I was never a big King reader, back in the day: the day being the 80s, when his star was first really rising. It was a red star, garish, with a long comet's tail made up of lurid book covers. When it shone on you, everything seemed to be covered with blood.
But he seemed to mellow. His last half dozen novels have their horrors - between them they feature multiple serial killers, a gang of child-molesting psychic vampires, alien torturers, and a glimpse of the end of the world - but they are not in any real sense horror novels. If I had to pick one adjective to describe them collectively, I would be scratching my head over whether to go with "readable", "exciting", or "sweet".
Sweet? Seriously? Yes: the man who wrote Carrie, Pet Semetary and The Shining has become a charming avucular chap who beckons you in close and tells you the world has decent people in it. In books like 11.22.63, Joyland and Doctor Sleep, that essential underlying kindness matters far more than the dark narrative complexities woven over and through it.
These books lulled me into a dangerous trusting mood, for which I have now paid. Reading Revival was like sitting down comfortably next to dear old Uncle King and seeing his smile widen and split open into shark jaws. The Pet Semetary King is back.
This is a short book - I read it in one day - and for much of its length it simmers rather than boils. A young boy comes under the sway of a charismatic preacher. The preacher's wife and child die in an accident, and he sours. Years pass. Our young protagonist grows into a musician and develops a drug habit - the terrible power of addiction is one of the major through-lines of King's late work - and he meets the preacher again.
But the preacher, who was always brilliant, has become obsessed with curing incurable sicknesses. He is trying to unlock one of nature's hidden doors. Something is hiding on the other side. The book pushes you inexorably towards the moment when the door begins to open.

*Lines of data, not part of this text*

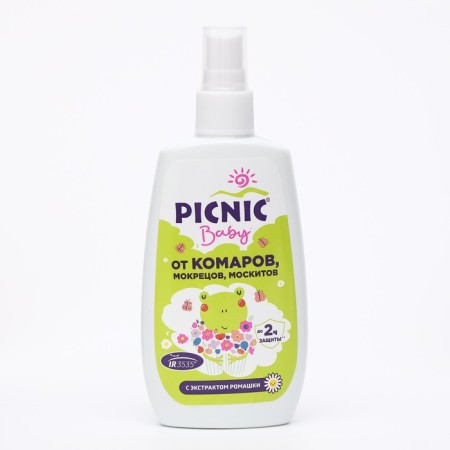 Picnic Baby mosquito spray, 120 ml-4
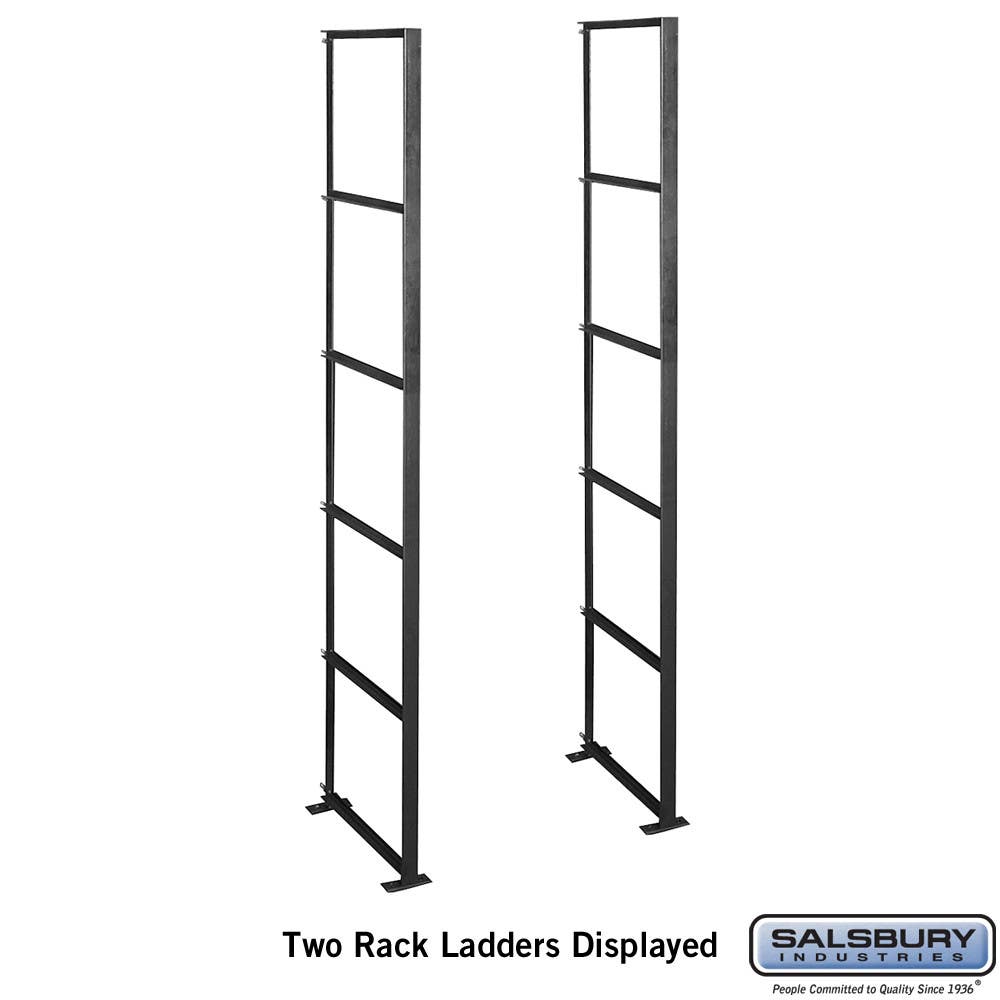 Salsbury 2400 Rack Ladder - Standard - For Data Distribution Aluminum Box - 5 High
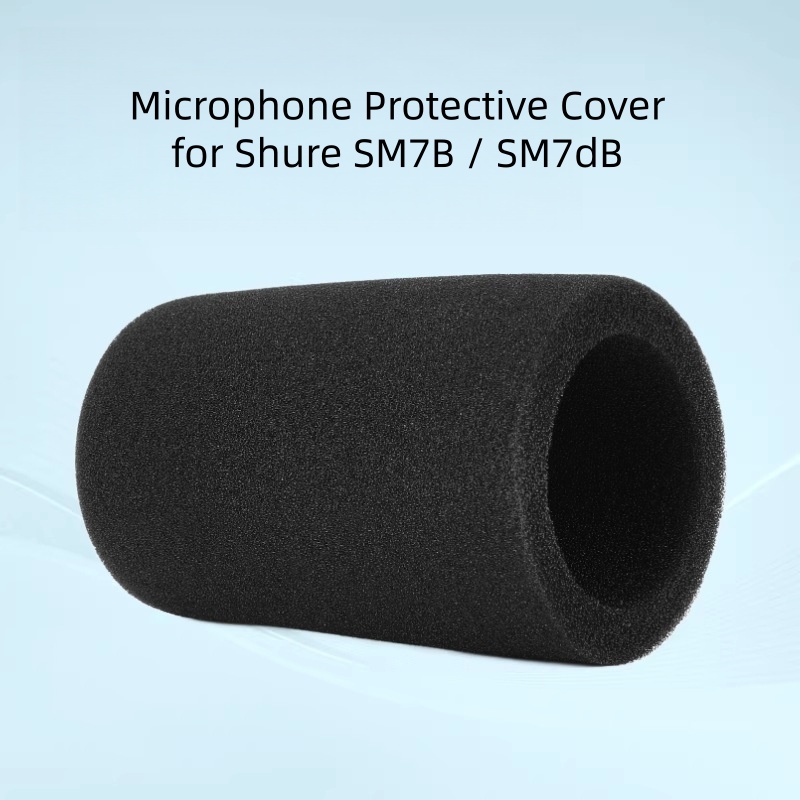 Microfoonfoamschuim windkap vo - Shure Mic Sm7B recensie en prijs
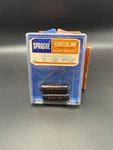 Vintage Sprague Black Beauty 6TM-S50 .05UF 600V Nos Difilm Capacitors (set Of 2). Fixed Price $34.00.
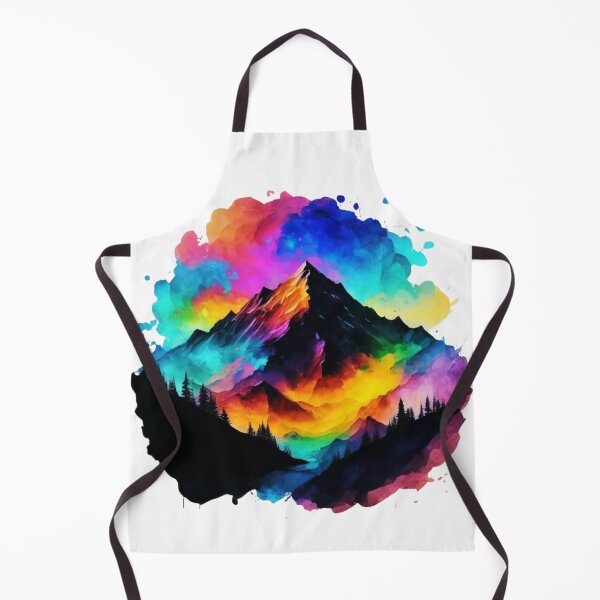 Item preview, Mountains Modern Art designed and sold by Art-Design-EM.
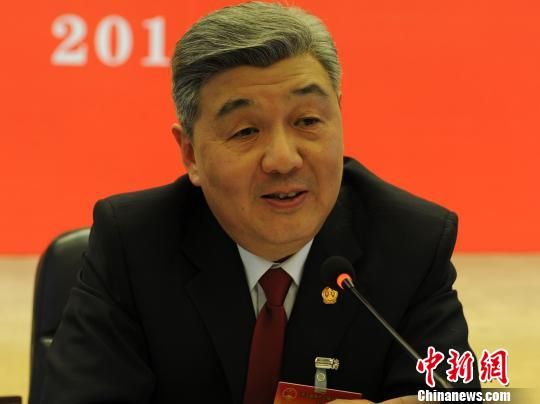 資料圖：浙江高院院長(zhǎng)齊奇。中新網(wǎng) 張茵 攝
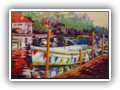 Regatta, Southwold 12x16 Oil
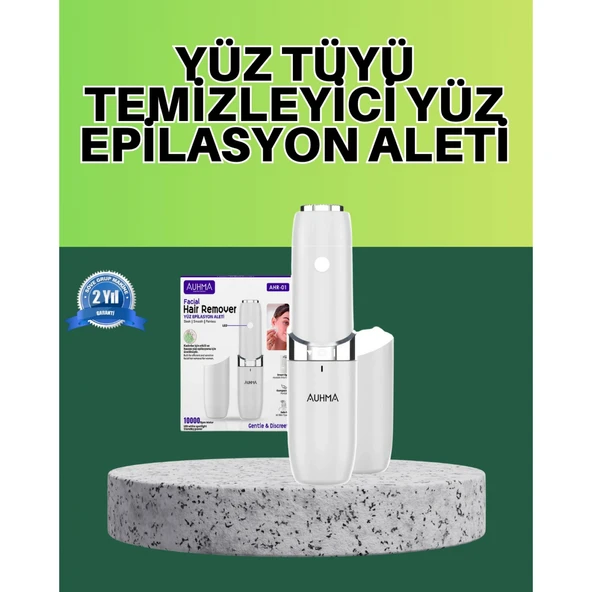 Hassas Ciltler İçin LED Destekli Yüz Epilasyon Cihazı ürün görseli 1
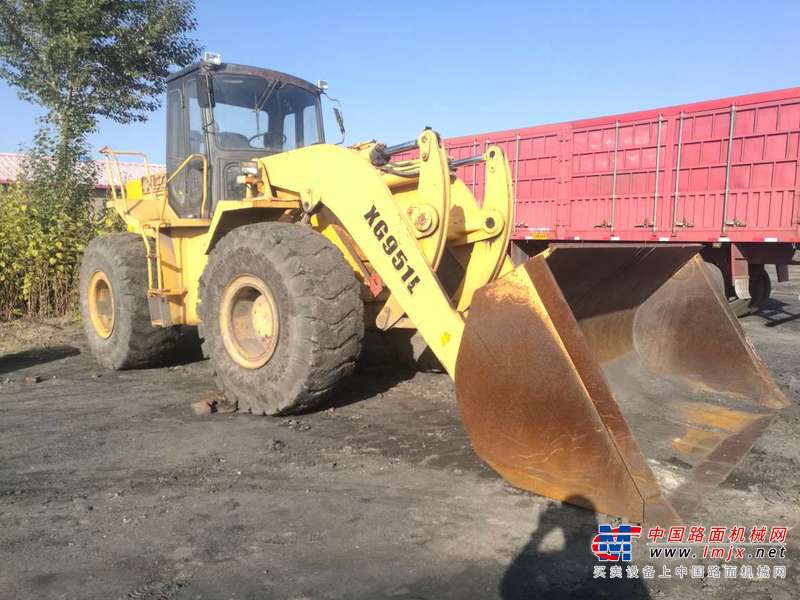 山西出售转让二手5000小时2012年厦工XG951III装载机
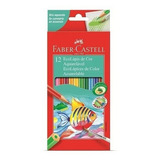 Lápis Cor Ecolápis Aquarelável Faber Castell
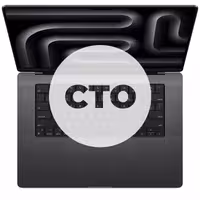 مک بوک پرو 16 اینچ M4 Pro کاستوم پردازنده 14core – 20core حافظه رم 48 گیگابایت ظرفیت 2 ترابایت SSD مشکی Z1FT000CF - Hiappleir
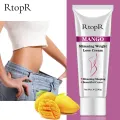 RtopR Slimming Body Cream Fast Burning Fat Weight Loss Firming Cream Cellulite Remover Burning Body Leg Waist Fat Skin Care 40g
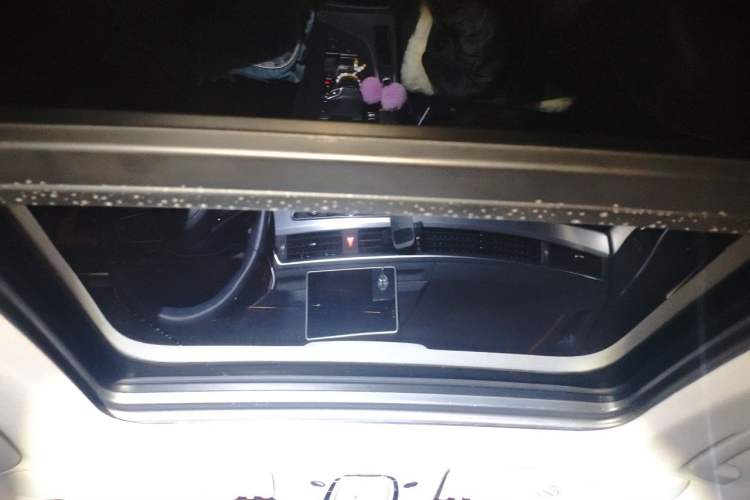 Used Audi A4L 2019 40 TFSI Fashion Edition China VI Emission Standard Headliner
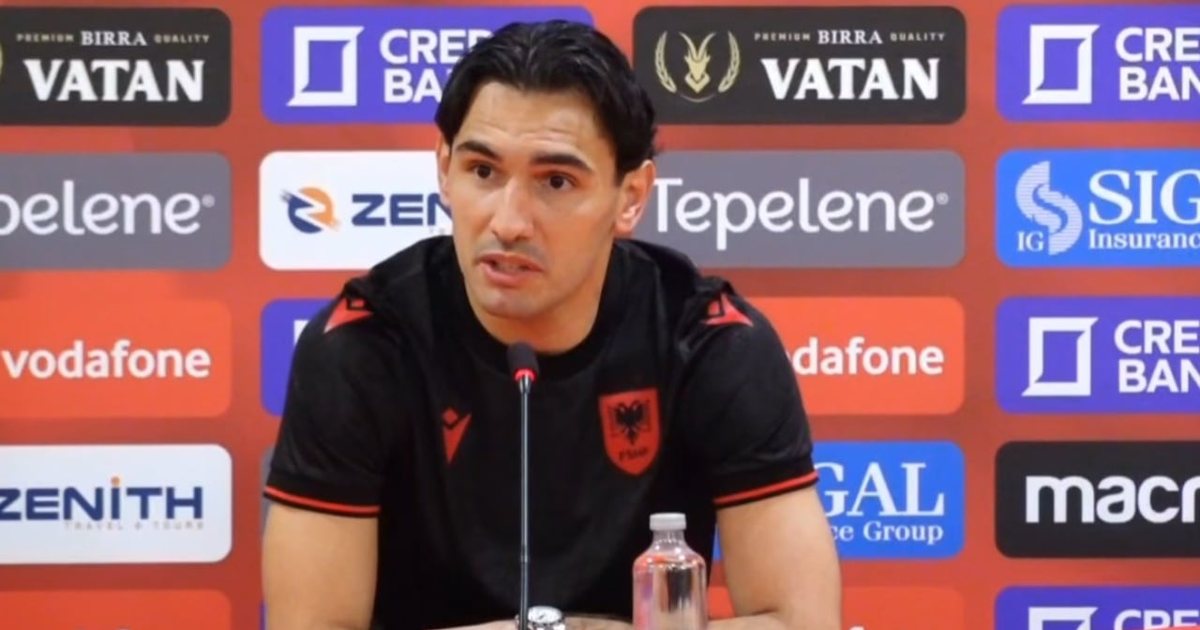 Çfarë paralajmëron Laçi para përballjes me Poloninë?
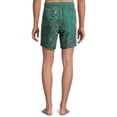 thumbnail image 6 of Neff Men's Novelty Print Swim Trunks with Stretch, 7" Inseam, Sizes S-XL, 6 of 6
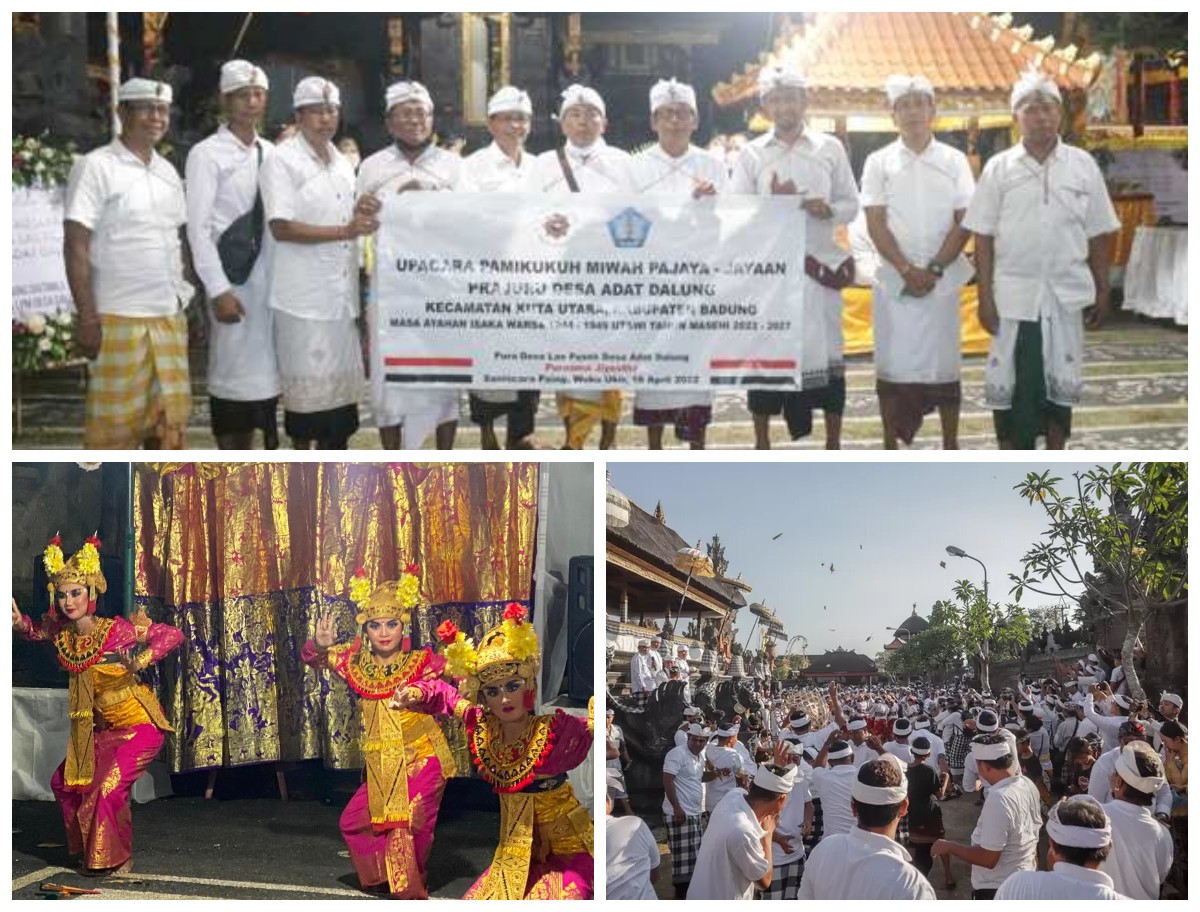 Mengenal Sejarah Desa Adat Dalung Bali: Jejak Tradisi di Tengah Modernisasi!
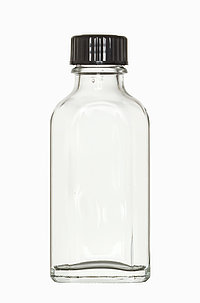 Meplatflasche: 50 Milliliter, Farbe: klar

King's storytelling craft has only got better with age. There's a great deal of indirection in this novel, and a lot of the most important events are tucked away out of sight, referred to after the fact in a way which may frustrate some readers. I found it gave the book more weight, while also making it harder to predict its exact shape. The thing which is easy to predict from quite early on is that King is not in avuncular mode this time. Horrors aplenty are smeared all through the book. Horror. Fair warning.